Song of Solomon 1:3. This verse refers to the alamot for Solomon. These are not married women but maidens who wanted husbands. The term implies virginity.

Song of Solomon 6:8. This description includes 3 categories: 60 queens, 80 concubines, and alamot without measure. The alamot are wife or concubine candidates. In other words, the king had a supply of virgins.

Proverbs 30:19. This verse describes the way of a man with an ‘almah’. The context in Prov. 30:18-20 refers to four incomprehensible things:

  1. An eagle in the sky
  2. A serpent on a rock
  3. A ship at sea
  4. And a man with an ‘almah’.

What do all four things have in common? They are all things that disappear quickly. The eagle flies away from sight. The serpent slithers off the rock. A ship disappears. And well, a virgin can lose her virginity in a heartbeat. ( ͡° ͜ʖ ͡°)

If this interpretation is right, almah can absolutely mean virgin. There’s no moral evil in the previous three examples. The fourth example can’t be referring to illicit sex. So almah indicates virginity in this passage.

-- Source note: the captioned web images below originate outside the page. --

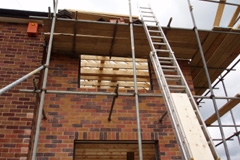 multiple storey extensions Budby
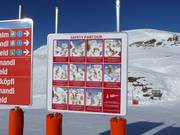 Tipp für die Kleinen  - Safety Parcours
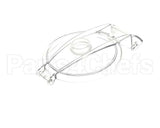 0D5491 Electrolux Professional Lid, 4,5/5,5L Trk2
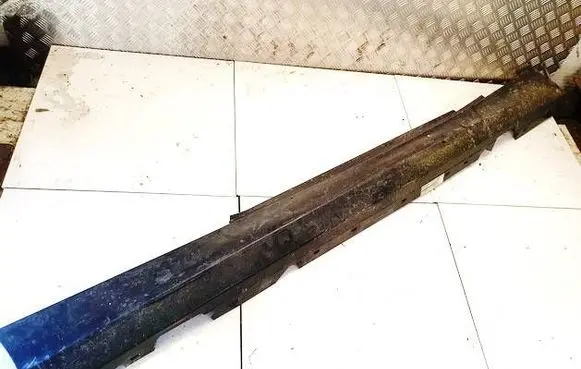 BMW 1 E81 E87 Sill 74078461 0000574222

What An Expert In The Old Testament and Semitic Languages Says:

Dr. Michael Heiser is an Old Testament scholar with a Ph.D. in Semitic languages. After surveying these passages, he concludes:

In ancient patriarchal culture, a “woman of marriageable age,” like Mary, was a female who had at least reached puberty and so was capable of bearing children. Daughters in such a culture were under close supervision and restraint. Even in today’s sex-saturated culture, a significant number of girls in their teen years are virgins—how much more those in a patriarchal culture? Matthew was raised in this culture—and with the book of Esther—so it should not surprise us that he saw no incongruity in understanding almah (עלמה) to mean “virgin.”

The bottom line is that isn’t correct to claim that almah was never understood as “virgin”. Dr. Josh of Digital Hammurabi is right to say that it has a range of meanings, but we’ve seen there is no reason to abandon the traditional interpretation except for anti-supernatural bias.

“The context has nothing to do with the Messiah!”

Paulogia and critics like him have said this passage context of the passage isn’t Messianic at all. But the danger to the house of David explains why Isaiah may have been foretelling the Messiah. After all, it was the Davidic line through whom the Messiah would come. (2 Samuel 7:12-16) If Ahaz’s house went down, so would the Messianic hope.

A straightforward reading shows that the sign would happen within a few years. Not 700 years later. But there are some clues in the text that show this is wrong.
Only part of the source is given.